68. Under the scheme of the IBC, the Insolvency Resolution Process

begins, when a default takes place, in the sense that a debt becomes

due and is not paid. Some of the relevant provisions of the IBC, are set

out hereinbelow for convenience:

“3. Definitions.—In this Code, unless the context otherwise requires,—

(6) “claim” means—

(a) a right to payment, whether or not such right is reduced to judgment,

fixed, disputed, undisputed, legal, equitable, secured or unsecured;

(b) right to remedy for breach of contract under any law for the time being

in force, if such breach gives rise to a right to payment, whether or not

such right is reduced to judgment, fixed, matured, unmatured, disputed,

undisputed, secured or unsecured;

(7) “corporate person” means a company as defined in clause (20) of

Section 2 of the Companies Act, 2013 (18 of 2013), a limited liability

partnership, as defined in clause (n) of sub-section (1) of Section 2 of the

Limited Liability Partnership Act, 2008 (6 of 2009), or any other person

incorporated with limited liability under any law for the time being in force but

shall not include any financial service provider;

(8) “corporate debtor” means a corporate person who owes a debt to any

person;

…..

(10) “creditor” means any person to whom a debt is owed and includes a

financial creditor, an operational creditor, a secured creditor, an unsecured

creditor and a decree-holder;

25

(11) “debt” means a liability or obligation in respect of a claim which is due

from any person and includes a financial debt and operational debt;

(12) “default” means non-payment of debt when whole or any part or

instalment of the amount of debt has become due and payable and is

not 5[paid] by the debtor or the corporate debtor, as the case may be;

4. Application of this Part.—(1) This Part shall apply to matters relating to

the insolvency and liquidation of corporate debtors where the minimum

amount of the default is one lakh rupees:

Provided that the Central Government may, by notification, specify the

minimum amount of default of higher value which shall not be more than one

crore rupees.

5. Definitions.—In this Part, unless the context otherwise requires—

***

(7) “financial creditor” means any person to whom a financial debt is

owed and includes a person to whom such debt has been legally

assigned or transferred to;

(8) “financial debt” means a debt along with interest, if any, which is

disbursed against the consideration for the time value of money and

includes—

(a) money borrowed against the payment of interest;

(b) any amount raised by acceptance under any acceptance credit

facility or its dematerialised equivalent;

(c) any amount raised pursuant to any note purchase facility or the

issue of bonds, notes, debentures, loan stock or any similar

instrument;

(d) the amount of any liability in respect of any lease or hire-purchase

contract which is deemed as a finance or capital lease under the

Indian Accounting Standards or such other accounting standards as

may be prescribed;

(e) receivables sold or discounted other than any receivables sold on

non-recourse basis;

(f) any amount raised under any other transaction, including any

forward sale or purchase agreement, having the commercial effect of

a borrowing;

(g) any derivative transaction entered into in connection with

protection against or benefit from fluctuation in any rate or price and

for calculating the value of any derivative transaction, only the market

value of such transaction shall be taken into account;

(h) any counter-indemnity obligation in respect of a guarantee,

indemnity, bond, documentary letter of credit or any other instrument

issued by a bank or financial institution;

(i) the amount of any liability in respect of any of the guarantee or

indemnity for any of the items referred to in sub-clauses (a) to (h) of

this clause;

6. Persons who may initiate corporate insolvency resolution process.

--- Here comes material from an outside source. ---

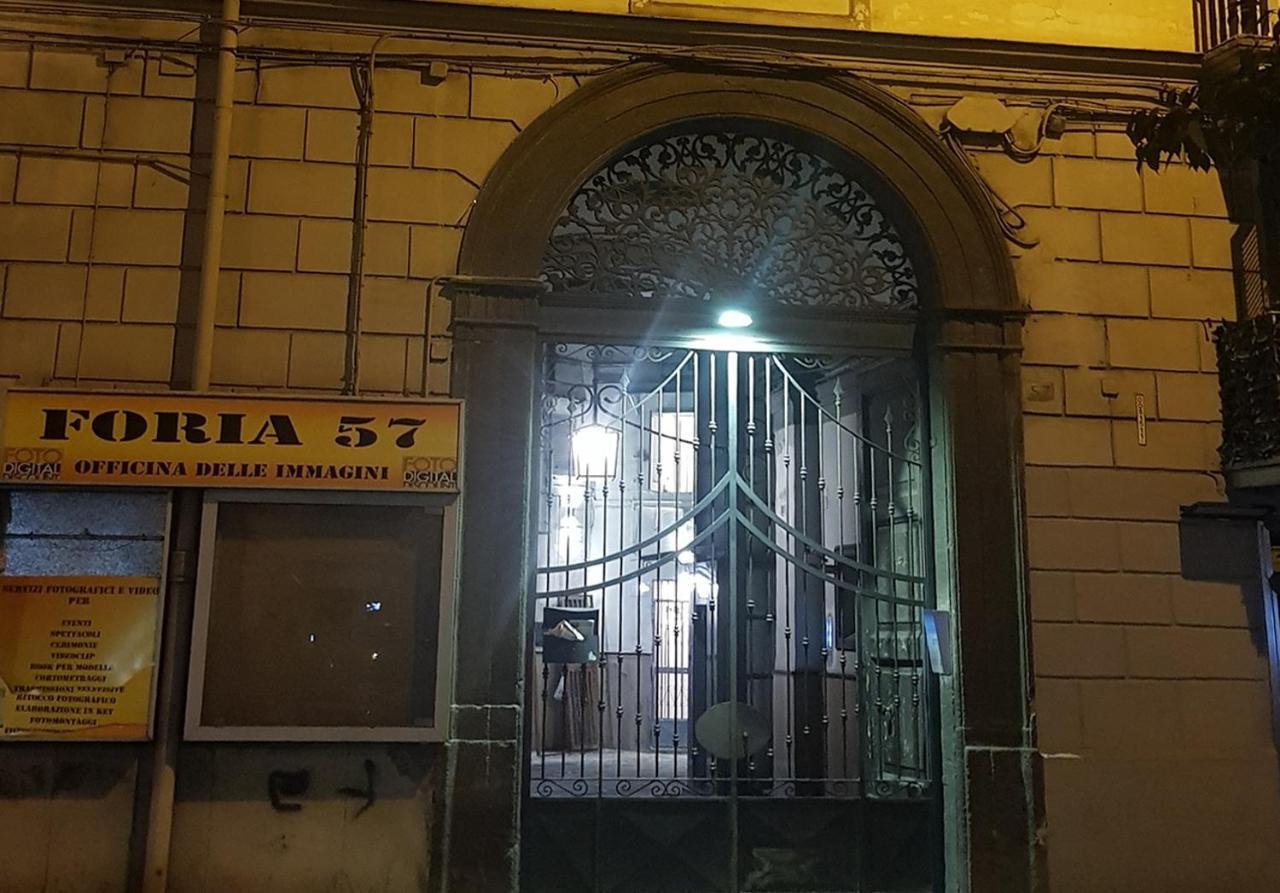 Addu' Ninucc' Otel Napoli Dış mekan fotoğraf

—Where any corporate debtor commits a default, a financial creditor, an

operational creditor or the corporate debtor itself may initiate corporate

insolvency resolution process in respect of such corporate debtor in the

manner as provided under this Chapter.

26

7. Initiation of corporate insolvency resolution process by financial

creditor.—(1) A financial creditor either by itself or jointly with 15[other

financial creditors, or any other person on behalf of the financial creditor, as

may be notified by the Central Government, may file an application for

initiating corporate insolvency resolution process against a corporate debtor

before the Adjudicating Authority when a default has occurred.

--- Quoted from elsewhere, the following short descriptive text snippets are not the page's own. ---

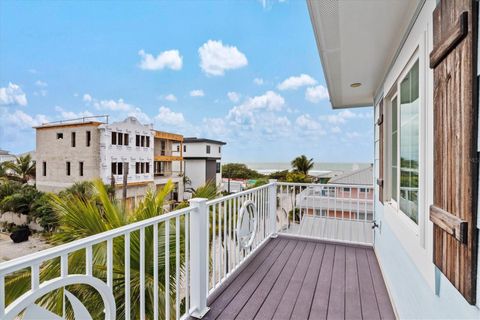 A home in BRADENTON BEACH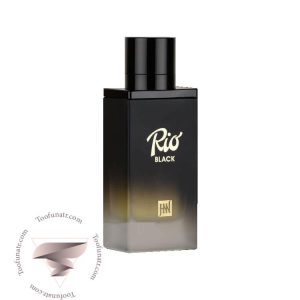 جانوین جکوینز ریو بلک وان وی اینتنس - Johnwin Jackwins Rio Black
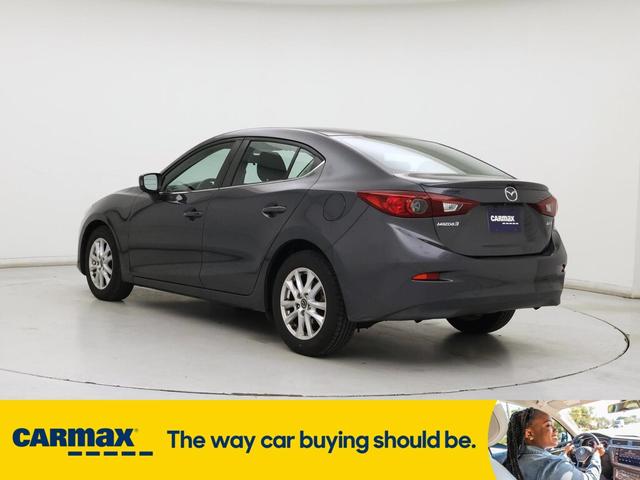 Photo of 2015 Gray Mazda Mazda3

Provided that for the financial creditors, referred to in clauses (a) and (b) of

sub-section (6-A) of Section 21, an application for initiating corporate

insolvency resolution process against the corporate debtor shall be filed

jointly by not less than one hundred of such creditors in the same class or not

less than ten per cent. of the total number of such creditors in the same class,

whichever is less:

Provided further that for financial creditors who are allottees under a real

estate project, an application for initiating corporate insolvency resolution

process against the corporate debtor shall be filed jointly by not less than one

hundred of such allottees under the same real estate project or not less than

ten per cent. of the total number of such allottees under the same real estate

project, whichever is less:

Provided also that where an application for initiating the corporate insolvency

resolution process against a corporate debtor has been filed by a financial

creditor referred to in the first and second provisos and has not been admitted

by the Adjudicating Authority before the commencement of the Insolvency

and Bankruptcy Code (Amendment) Act, 2020, such application shall be

modified to comply with the requirements of the first or second proviso within

thirty days of the commencement of the said Act, failing which the application

shall be deemed to be withdrawn before its admission.]

Explanation.—For the purposes of this sub-section, a default includes a default

in respect of a financial debt owed not only to the applicant financial creditor

but to any other financial creditor of the corporate debtor.

(2) The financial creditor shall make an application under sub-section (1) in

such form and manner and accompanied with such fee as may be prescribed.

(3) The financial creditor shall, along with the application furnish—

(a) record of the default recorded with the information utility or such

other record or evidence of default as may be specified;

(b) the name of the resolution professional proposed to act as an interim

resolution professional; and

(c) any other information as may be specified by the Board.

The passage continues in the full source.